Point ne suffit que des hommes, des groupes, des organisations travaillent à dégager et dire ce qu’il faut faire. C’est la masse des citoyens qu’il faut toucher. Leur information est nécessaire, afin qu’avertis, ils fassent vouloir la coopération et contraignent à passer à la réalisation. Tout cela met en lumière le rôle de la Documentation dans la Société.

6. Dans l’Évolution, le rôle du livre à un certain moment est devenu capital. Améliorer le livre c’est améliorer la civilisation, terme global sous lequel viennent se ranger tous les éléments qui composent la société. On constate que l’évolution du corps de l’homme est devenue à peu près stationnaire depuis les temps historiques. Il n’y a guère eu de changements dans ses organes, ses membres, ses sens. Mais il s’est constitué comme un prolongement externe de sa personne. L’un, l’outil prolongement de sa main (main-outil) ; l’autre, le livre, prolongement de son cerveau (cerveau-livre). Il y a là une sorte de développement exodermique opposé au développement endodermique (hors les limites de l’enveloppe cutanée du corps). Ce qui fait penser à ce que les métapsychiciens appellent ectoderme. Perfectionner le livre, c’est perfectionner l’Humanité.

154 Science ou Logique Bibliologique.

Il y a lieu de remonter à la conception synthétique à se faire de toutes choses (Universalisme). À cet effet les distinctions fondamentales sont à rappeler. 1o La Réalité objective (l’homme et la société). 2o La Pensée qui cherche à se représenter cette réalité et qui l’associe à la réalité subjective du moi. 3o L’Expression et la formulation de cette pensée, soit par le langage qui est fugitif, soit par ses signes, l’écriture ou le dessin, en des documents. Le Livre à caractère scientifique peut donc être tenu comme déformations auxquelles ceux-ci sont soumis.

D’autre part la classification des sciences distingue :

Les connaissances, d’abord toutes confondues, sans ordre et d’ailleurs fort élémentaires, se sont ensuite successivement spécialisées à l’extrême. Nous sommes entrés dans une période de synthèse où la corrélation de toutes les sciences est revenue au premier plan des préoccupations.

Il y a donc lieu d’envisager les sciences bibliologiques au même point de vue. Les corrélations seront de deux ordres : 1o) ce qu’elles empruntent aux autres sciences. 2o) ce qu’elles leur apportent.

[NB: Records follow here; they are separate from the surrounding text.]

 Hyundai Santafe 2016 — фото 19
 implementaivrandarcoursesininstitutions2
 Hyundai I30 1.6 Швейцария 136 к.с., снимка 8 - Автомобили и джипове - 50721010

La Bibliologie n’est pas encore constituée en science et devrait l’être en corrélation et en coopération. Il y a utilité à rappeler les notions fondamentales sur la Science en général et sa formation.

1. Notion de la Science. — Une science est un ensemble de propositions qui constituent un système, un tout qui tient debout.

Laplace (O. C. VII. p. VI) a donné cette formule de la Science : « Une intelligence qui a pour un instant donné, connaîtrait toutes les forces dont la nature est animée et la situation respective de ces choses, si d’ailleurs cette intelligence était assez vaste pour soumettre ces données à l’analyse ». La documentation peut fonder la nécessité de son universalité sur cette définition de la science dont elle doit être l’auxiliaire.

Toute réalité concrète n’offre que de l’individuel. C’est l’intelligence qui par abstraction peut en dégager ce qu’il y a de général. La science d’un objet, d’un ensemble d’objets est précisément constituée par ce qu’ils offrent de général. Dans les conditions d’existence à remplir par les réalités concrètes il y a quelque chose de nécessaire. On peut donc intellectuellement déterminer des types, des espèces, et déterminer les conditions auxquelles doit satisfaire tout objet, tout phénomène imaginable de l’ordre étudié.

  1. Paul OTLET : a) Constitution mondiale, 1917 ; b) Programme mondial, 1932 ; c) La Banque mondiale et le Plan Économique mondial, 1932.